The only political tide impeachment will engender will be the tide of anger from Republican politicians and Trump voters at the transparent attempt to cloak a political maneuver seeking to reverse an electoral defeat in the language of a mission of honor to uphold criminal law and constitutional duty. If the Democrats initiate impeachment proceedings, they will trigger a political battle that will tear the country apart, and end with them either a) losing, taking a big political hit, and handing Trump another effective political weapon, or b) “winning” and giving us President Mike Pence. And still taking a big political hit. There is no third ace that will make it a real winning hand.

The Democrats know this, which is why they are not going to do it. Unless the foolish “progressive” forces that the Party has been riling up about this for three years pressure them into it.
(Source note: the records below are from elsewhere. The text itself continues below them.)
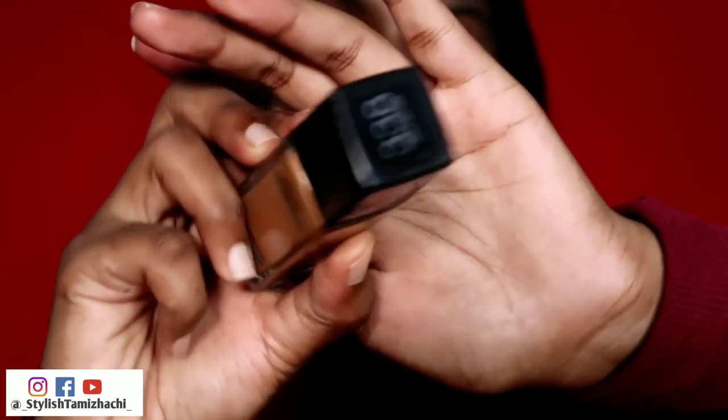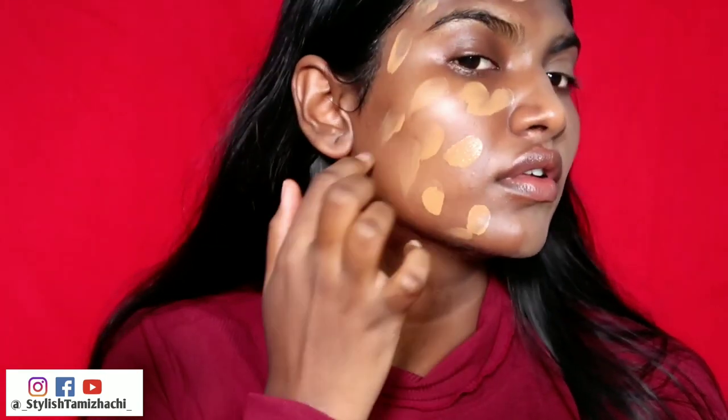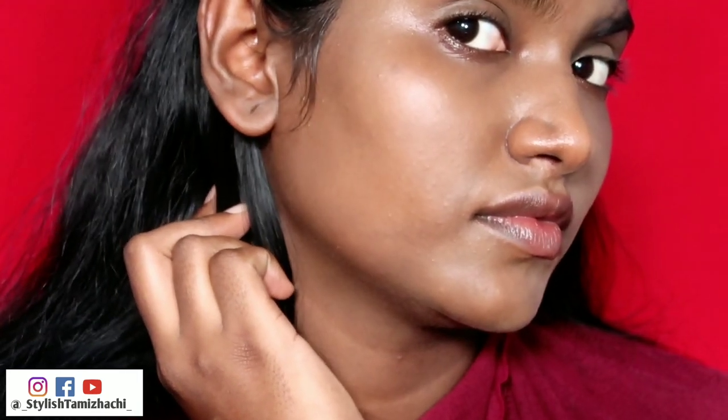Now applying the 330 Spicy Brown on the right side of the face. First, dot it on. This shade has more yellowish and reddish tones, so I want to set it for warm undertone. You can see the swatches at the end of the video. Now apply with the sponge on the back side. If you have my skin tone, you can blend it into the skin. You can see the difference between the two shades on the face. I used half of the pump, but you can use more if needed.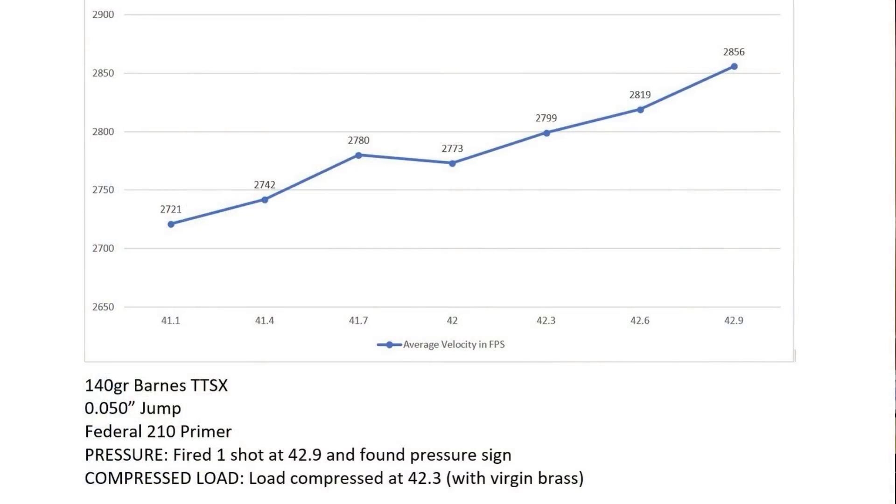I definitely approach load development differently between virgin and fireform brass, and I think most other expert reloaders out there do the same. Your fireformed brass is going to fit the chamber better and have more case capacity, so it's going to result in a different load. Usually with my virgin brass, I'll do a small sample test to see where my pressure signs occur, then pick a spot below the pressure sign that looks good and go with that. This also gives you a good starting point for a powder charge when you develop your load for fired brass. After the brass is fireformed, I'll go through my whole brass prep process and do actual load development at that time. Whether you do traditional load development or the newer nodeless load development, you get serious about load development when you fireform your brass.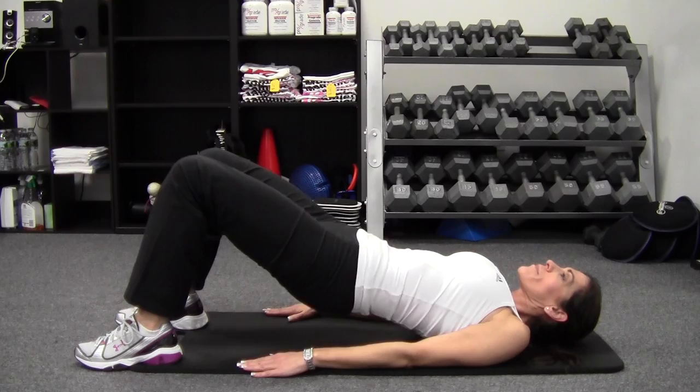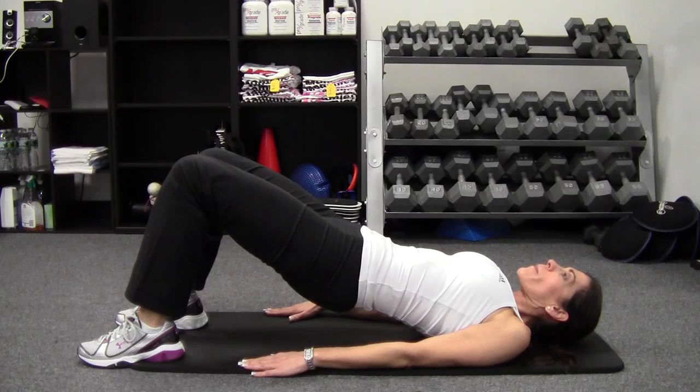She's going to do two more reps, pushing through her heels. As you do this, you want to lift as high as you can and hold.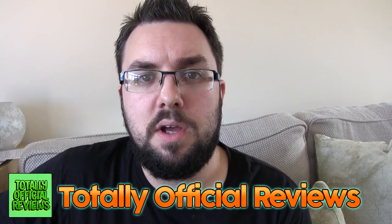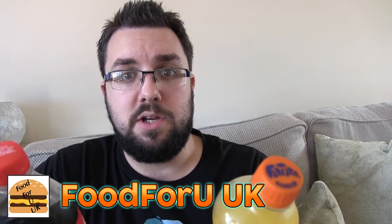This time we are merging Fanta Orange Original with Coca-Cola — this is called Classic but it's just normal Coke. I'm reviewing it with Reese from Totally Official Reviews, JWW Wrestling, and I believe Food for UK is also getting involved, so make sure you check out all of their channels. Links will be in the description below.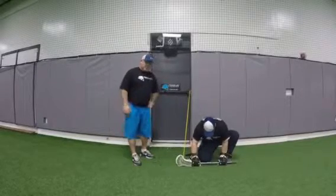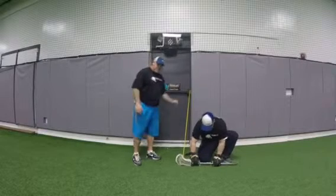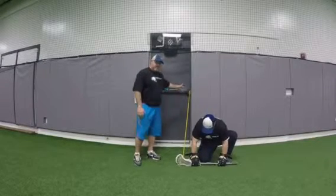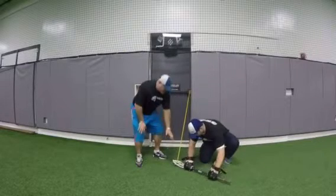Again we're using the resistance band here. We're adding a stick and I'm securing it both on the stick and then also to a fixed object here. So again what I'm trying to do is create resistance in this top edge here.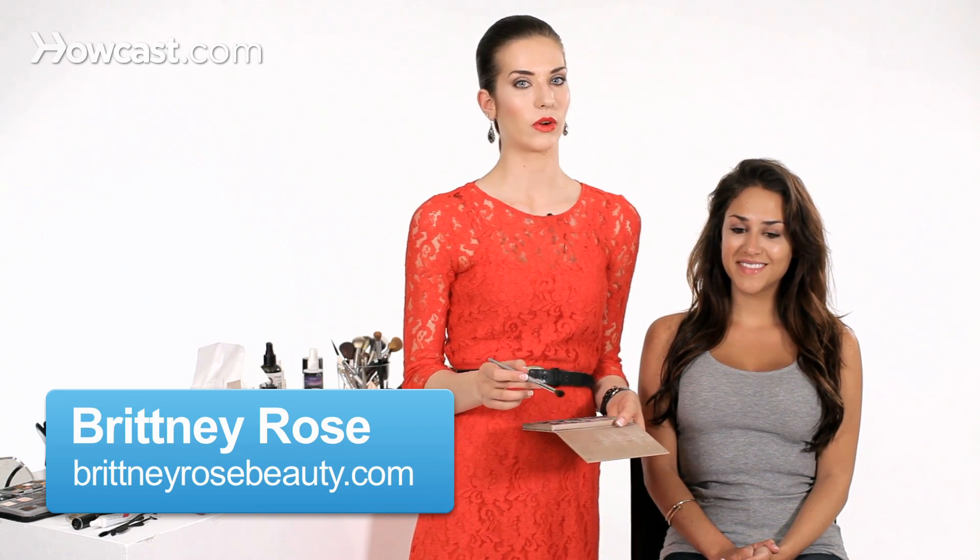So if you've ever wanted to achieve a smoky eye during the day, but you don't want it to be too deep looking, this is what we're about to do. I'll give you some tips on how to do a daytime smoky eye.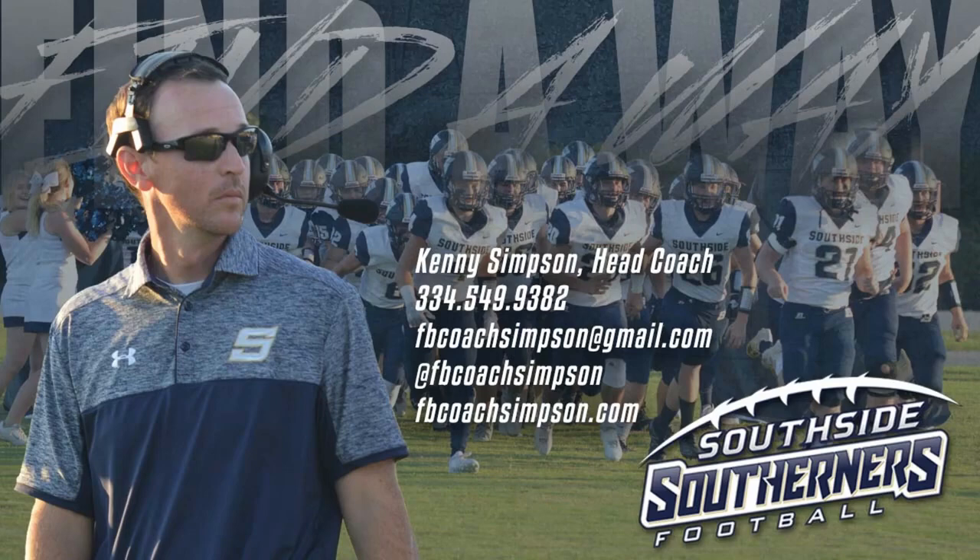Welcome coaches. Coach Simpson's Tackling Progression Session. We're going to talk about how we teach tackling from the ground up. We teach this from third grade all the way through. Some of these drills are very elementary, but it's the way we want to make sure our athletes understand how to tackle individually and tackle as a team.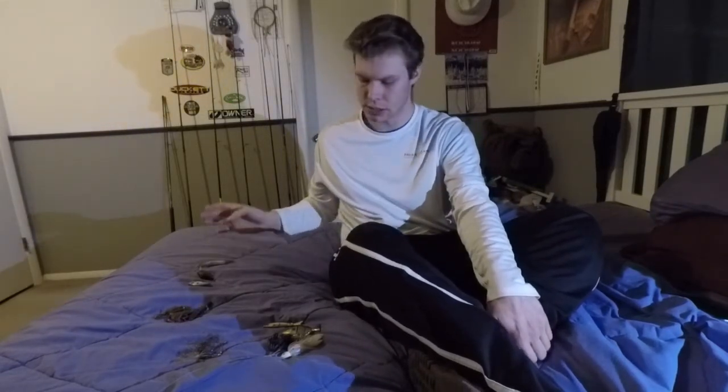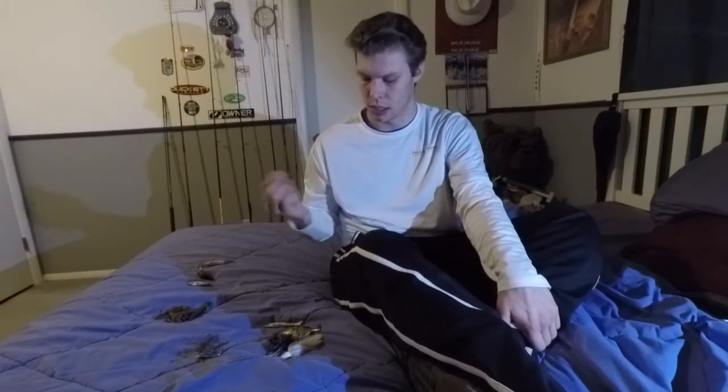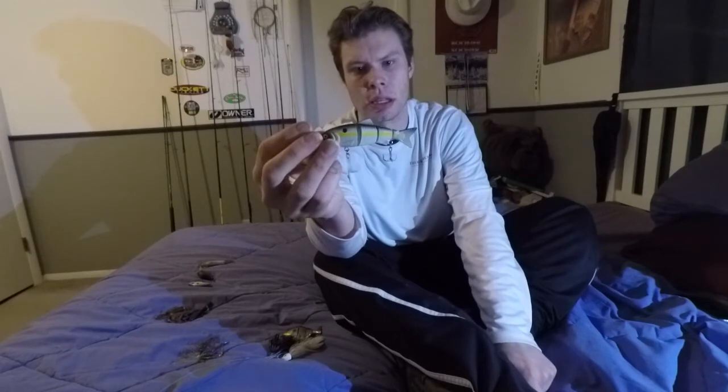Another thing I got into more recently is swimbaits. I picked up one of these jointed swimbaits last spring and fished it throughout the summer, and some of my more consistent bites came off the swimbait. This is one I would throw in the springtime.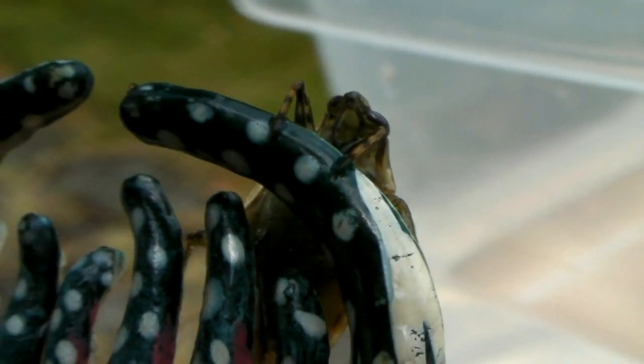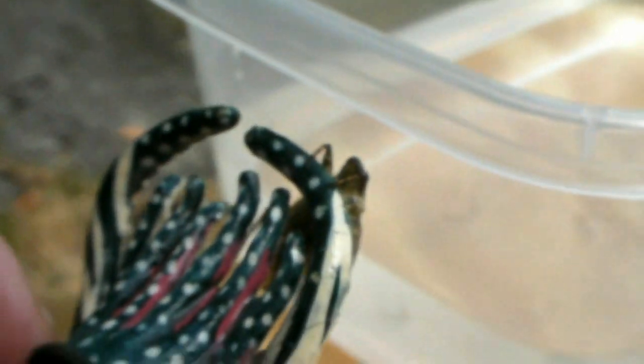Now, observe this belostomatid clinging to Pulpita. You are now able to approximate the size of this insect.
Hoisted on its own petard, it would be.

There is no clearer example of how ridiculous US political media is than its framing of the question of whether to start impeachment proceedings against Trump a year before an election as an argument between “moderates” and “progressives.” And no more unfortunate example of how pathetic that distinction is in the Democratic Party than the fact that Nancy Pelosi seems to be smarter on this issue than the progressive cool kids.

There is nothing the slightest bit “progressive” that can come out of impeaching, or trying to impeach, Donald Trump. If Democratic “progressives” and “socialists” think it would be a heroic victory for anti-racism, they are imagining another universe. “In this given moment,” on this political planet, with this Democratic Party, it will not and cannot be. It will be a victory for a deeply reactionary and diversionary political paradigm—for centering politics on personality rather than structure, for valorizing the national-security and intelligence apparatus, for restoring the smiley face on foreign aggression, for mythologizing “our democracy” and otherizing its critics. It will be a victory for “nothing-would-fundamentally-change” neoliberal imperialist complacency, wrapped in moralizing anti-racist rhetoric.

Did I mention Mike Pence?

Nathan Robinson has it exactly right: “It’s time to forget the Mueller-fuelled impeachment fantasies.” It’s not going to happen, and there is no reason for leftists to try and make it happen.

The real progressive mission is to wage a determined political fight against the structures—including all the political and ideological supports—of racism, capitalism, and imperialism, of which Trump is only a particularly vulgar representative. But the Democrats are not going to do that, either. Which is why, though they will not impeach Trump, they will continue to dangle the shiny possibility before their enraged and transfixed constituents—so that they will not turn their attention away from Trump to the structural problems.

Impeachment? It’s a dead-man’s hand. Know when to walk away.